The dollar will still be the world’s dominant reserve currency in 2030, sharing a degree of leadership in uneasy condominium with the Chinese yuan. It will then regain much of its hegemonic status as the 21st century unfolds. It may indeed end the century even stronger than it was at the start.
The aging crisis in Asia — and indeed the outright demographic implosion in Japan and China, not to mention China’s water crisis — will soon be obvious to everybody. Talk of Oriental supremacy will start to sound overblown at first, and then preposterous.
Japan is about to go bankrupt. It is on the cusp of a fiscal crisis that will change perceptions of Asia dramatically. The IMF says gross public debt will reach 218pc of GDP this year. This is compounding very fast. It will be 246pc in 2014.

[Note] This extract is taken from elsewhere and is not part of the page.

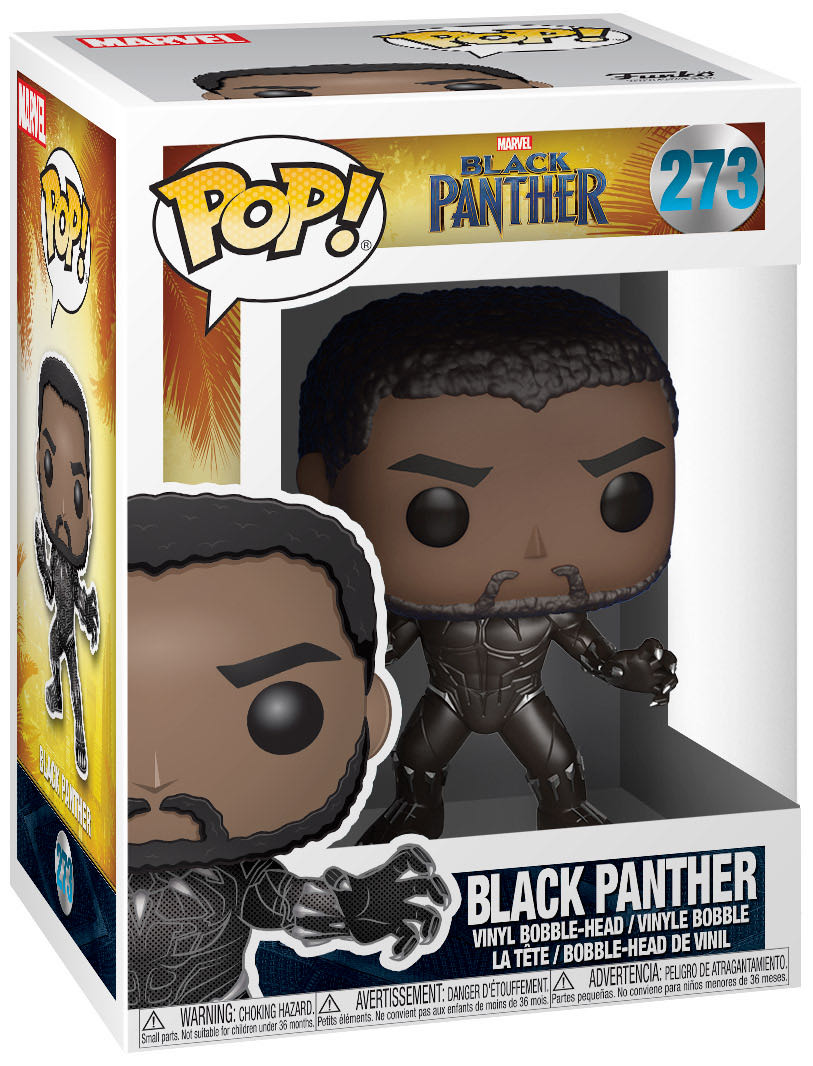 Black Panther - Marvel Universe vinyl figure collectible [Barcode 889698231299] - Main Image 3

The Hatoyama government is spending as if there is no tomorrow. It plans to issue ¥50 trillion or $550bn in fresh bonds. I have no idea when this will spiral out of control. It could take another two or three years. It could start next week. Yes, I know that Japan has been borrowing merrily at ever lower rates for 20 years without the sky falling. The 10-year yield is 1.3pc. What happens when it rises to global levels of 3pc to 4pc? People made the same sort of arguments about the global boom before it suddenly tipped over.
This blog does not attempt market timing, nor does it offer investment advice. But I am absolutely certain that pundits consigning the dollar to its death have missed an even more dramatic currency and debt story in Japan. The yen will top ¥200 to the dollar before this is over. Jim O’Neill from Goldman Sachs has already begun to hint at this.